KIRKA – Terlapor yang mengaku keponakan Gubernur Lampung sudah ditahan polisi atas perkara dugaan tipu gelap. Adapun penahanan terhadap terlapor berinisial IW tersebut dilakukan penyidik Ditreskrimum Polda Lampung.
Baca Juga : Progres Penyidikan Kasus Terlapor Ngaku Keponakan Gubernur Lampung Diapresiasi
Direktur pada Ditreskrimum Polda Lampung, Kombes Pol Reynold Elisa Partomuan Hutagalung mengatakan progres penyidikan terhadap perkara tersebut memang telah sampai ke tahap penahanan.
”Iya (benar). Sudah dilakukan penahanan,” ucap dia pada 5 Juli 2022 saat dihubungi KIRKA.CO.
Penyidik Ditreskrimum Polda Lampung sebagaimana diketahui pada Desember 2021 telah mengirimkan pemberitahuan kepada Kejati Lampung tentang penyidikan perkara tersebut.
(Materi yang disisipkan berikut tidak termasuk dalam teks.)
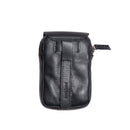 Trip Machine Utility Pouch Mini Motorcycle Bag  - Customhoj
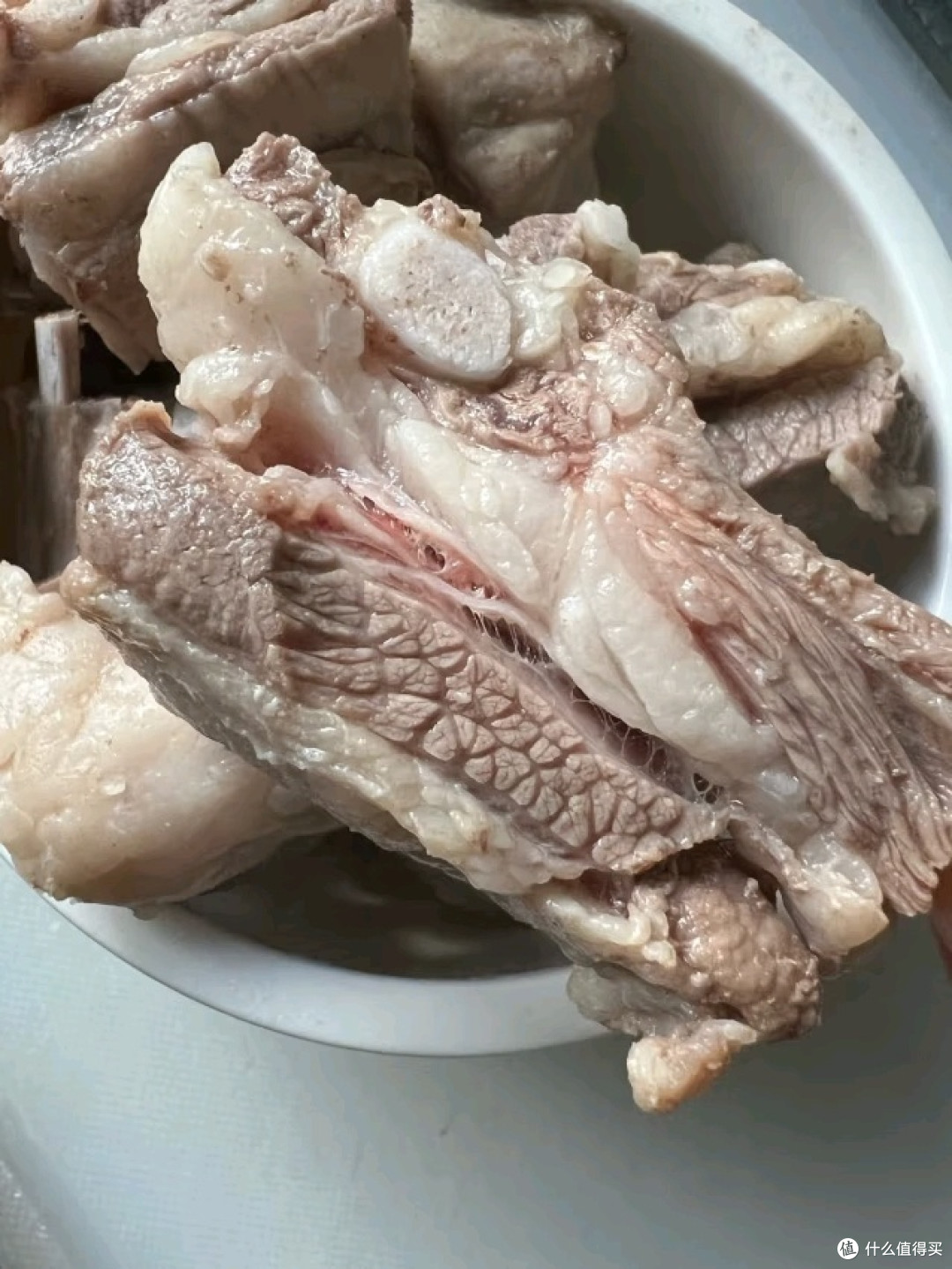 宁夏盐池滩羊肉,美味的秘密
Pemberitahuan tersebut dituangkan dalam Surat Perintah Dimulainya Penyidikan atau SPDP.
IW dalam laporan korban menyatakan secara lisan mengaku berstatus sebagai keponakan Gubernur Lampung, Arinal Djunaidi.
Pengakuan ini disampaikan IW kepada korban ketika antara korban dan pelapor menjalin kerja sama bisnis terkait beras.
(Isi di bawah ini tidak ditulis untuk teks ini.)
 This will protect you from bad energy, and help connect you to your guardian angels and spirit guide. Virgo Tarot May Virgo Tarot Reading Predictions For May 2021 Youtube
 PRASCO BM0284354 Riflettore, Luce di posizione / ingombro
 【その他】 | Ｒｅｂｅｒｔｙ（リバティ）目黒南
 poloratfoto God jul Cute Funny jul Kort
”Jadi sesuai dengan keterangan yang diberikan klien kami, keduanya itu berkenalan dan sepakat kerjasama dalam bisnis beras, jadi SM sebagai suplier menyetor beras ke IW sampai total 160 ton estimasinya Rp1,4 miliar, saat ditagih pembayaran diberikan 7 cek oleh IW, yang ternyata kosong,” beber korban diwakili kuasa hukumnya, yakni Abdul Rahman PN pada 24 Desember 2021.
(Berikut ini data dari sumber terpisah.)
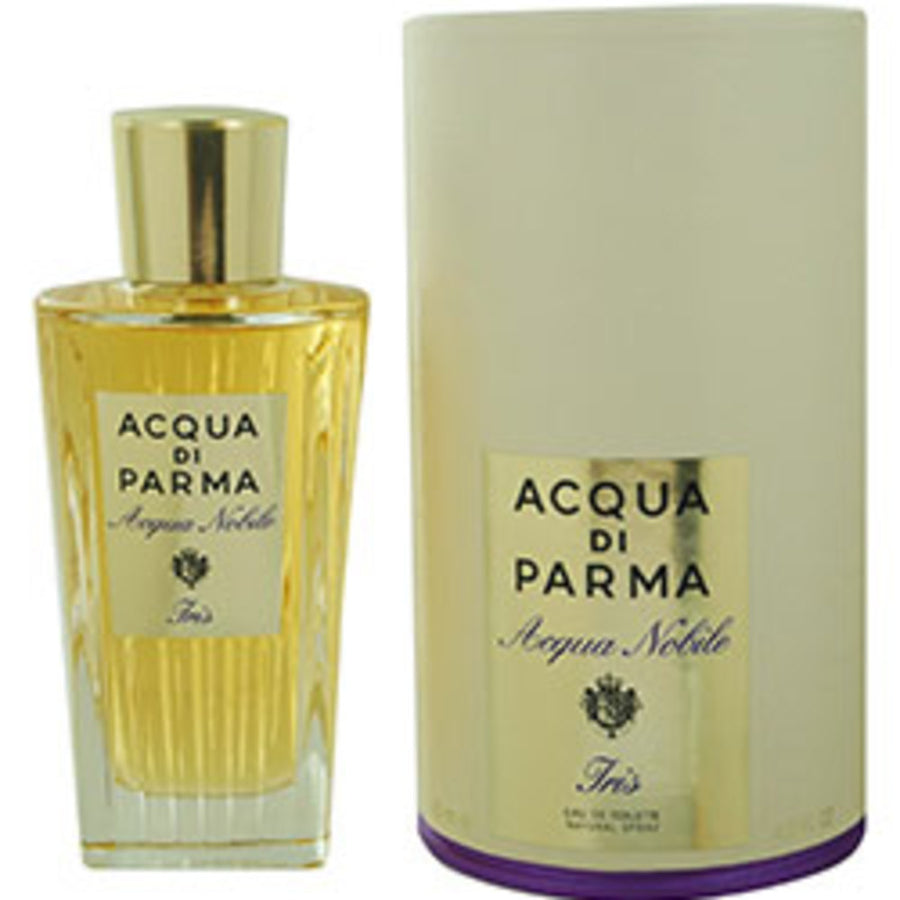 Acqua Di Parma By Acqua Di Parma #238891 - Type: Fragrances For Women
Baca Juga : Tipu Gelap Modus Kerabat Gubernur Lampung Dalam Tahap Penyidikan
Abdul menerangkan kalau istilah kerabat Gubernur Lampung yang muncul dari kasus ini adalah sebuah fakta yang memang diucapkan oleh IW.
“Dan ada yang harus kami luruskan, pada faktanya bukan pihak kami yang mengkait-kaitkan dengan nama Gubernur Lampung, akan tetapi IW sendiri yang membawa urusan kekerabatannya saat menjanjikan bisnis beras tersebut kepada klien kami SM dan para petani,” urainya.